(RECORDS FOR THIS TASK)

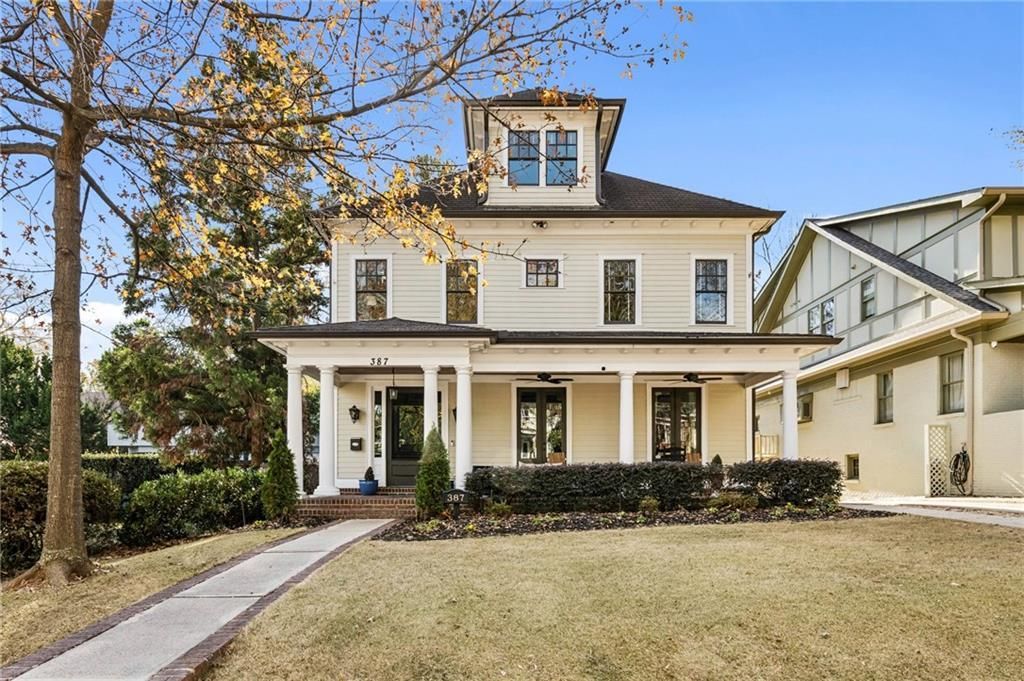 MLS #7694227 image #0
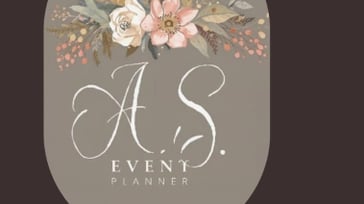 *SMILE & SHINE FUN FEST – Community Carnival*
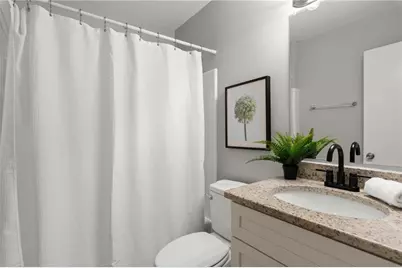 122 Cross Gate Drive, Marietta, GA 30068 - Photo 21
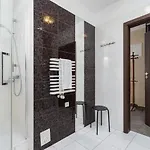 Stara Polana & By Renters
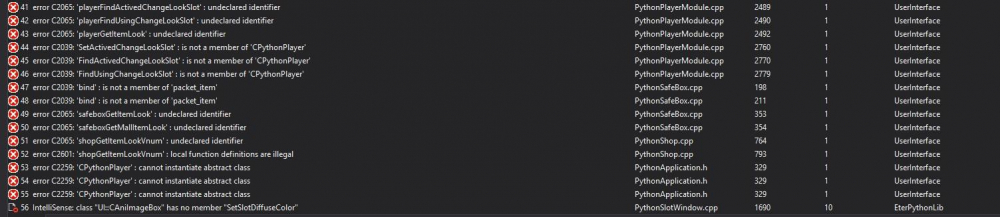 542751766.jpg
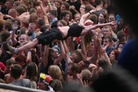 Woodstock-2012-Festival-Life-Rasmus- 8837
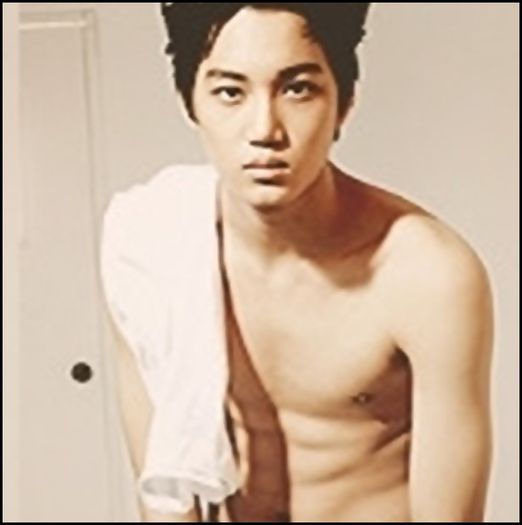 (Kai) ..Seob las-o. :))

(End RECORDS FOR THIS TASK)

ASSIGNED TASK:
Extract all the entries word for word; omit any pictures.

REPLY:
 MLS #7694227 image #0
 *SMILE & SHINE FUN FEST – Community Carnival*
 122 Cross Gate Drive, Marietta, GA 30068 - Photo 21
 Stara Polana & By Renters
 542751766.jpg
 Woodstock-2012-Festival-Life-Rasmus- 8837
 (Kai) ..Seob las-o. :))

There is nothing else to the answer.